By William Weatherstone of The Diesel Gypsy

It has only been a few days since finishing the first page of this project, but they have added experiences that have emerged since then.

I have, in the meantime, settled down somewhat since then. I have learned to control my emotions considerably. I have tried to see some humour in these events. After all, if you give up or lose your sense of humour, you might just as well pack it in now, grab the nearest shovel and dig a grave for yourself.

My wife has these fantasies that she gets out of the blue. She will sneak up on me while I am on the computer and hit me with a question from outer space that has no real rhyme or reason.

I have found that if I stop doing whatever it is at the moment and pay 100 percent attention, I will with a smile answer in a humorous mood. Rather than go away in a pout, she smiles, calls me a silly ass and returns to her bed or TV. Both of us have avoided a possibly stressful confrontation.

Since I have become the official leader of our gang (a gang of two), I took it upon myself to start going through all of our cupboards, dresser drawers, kitchen cabinets and china cabinets. I found a lot of stuff that, in our present-day situation, we will never get another chance to use.

First, there is the china cabinet.

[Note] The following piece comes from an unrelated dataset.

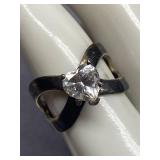 Sterling Silver 925 Heart-Shaped Ring 925 Size 8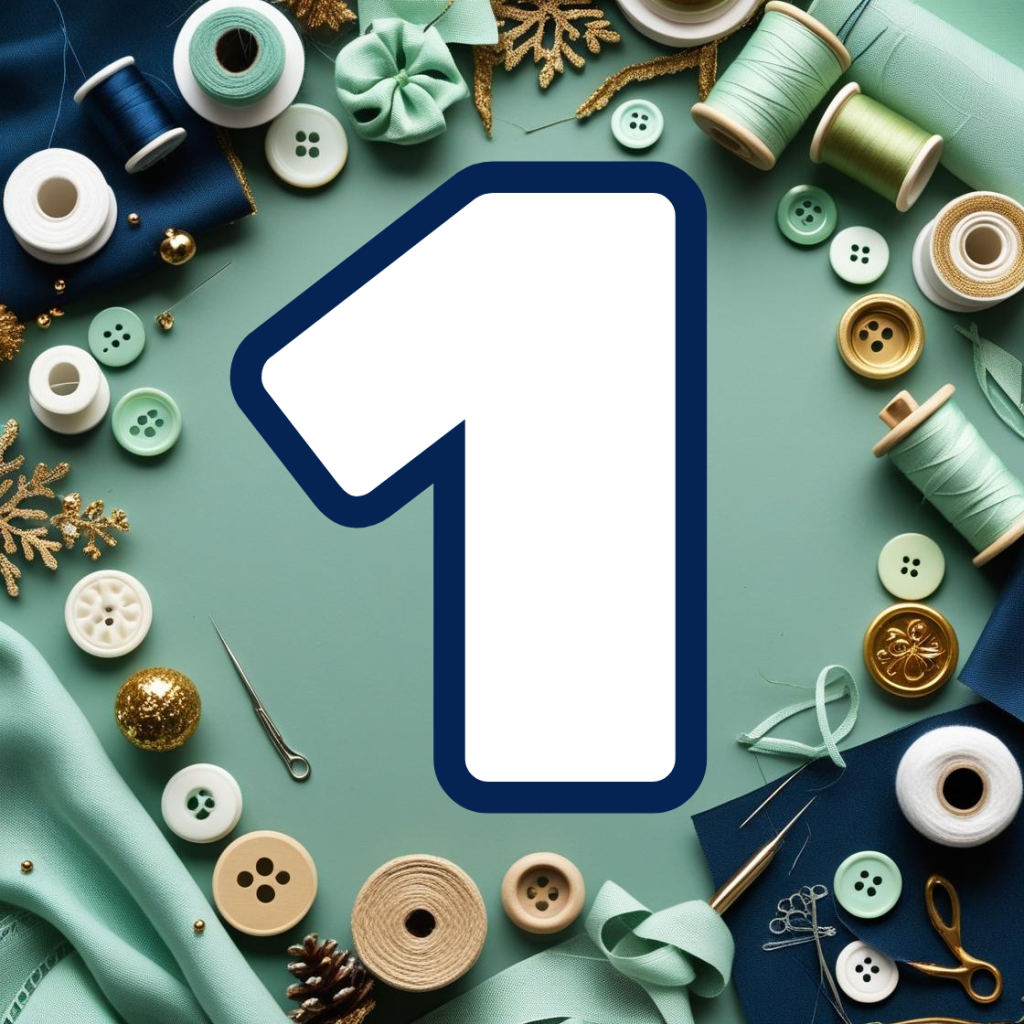 Funkelfaden Adventskalender 2025 139 Funkelfaden Adventskalender 2025 Türchen 1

We have a very expensive chrystal set that was accumulated piece by piece over the first ten years which, you might say, has collected nothing but dust. It looks great, but for the money it has no function. At least not until now.

I have taken all the cheap, crappy glassware from the kitchen and replaced it with the chrystal. It is now getting some functional use. Great stuff to drink from, even just as a water glass.

After all, if we leave it to someone, what will they do with it? Usually pack it away and forget it or even sell it. This generation does not seem to have the same interests anymore. With the short amount of time left for us, use it and enjoy it. After al,l it is yours.

I notice also that when she goes to lie down after supper while I clean up the dishes, that she will sneak a peek at me from down the hall. I have no idea why. All my life, while on the road I was in a lot of unsavory places and the sense that I used and honed was my peripheral vision. While I was looking straight ahead, I could also see what was going on around me with out being noticed.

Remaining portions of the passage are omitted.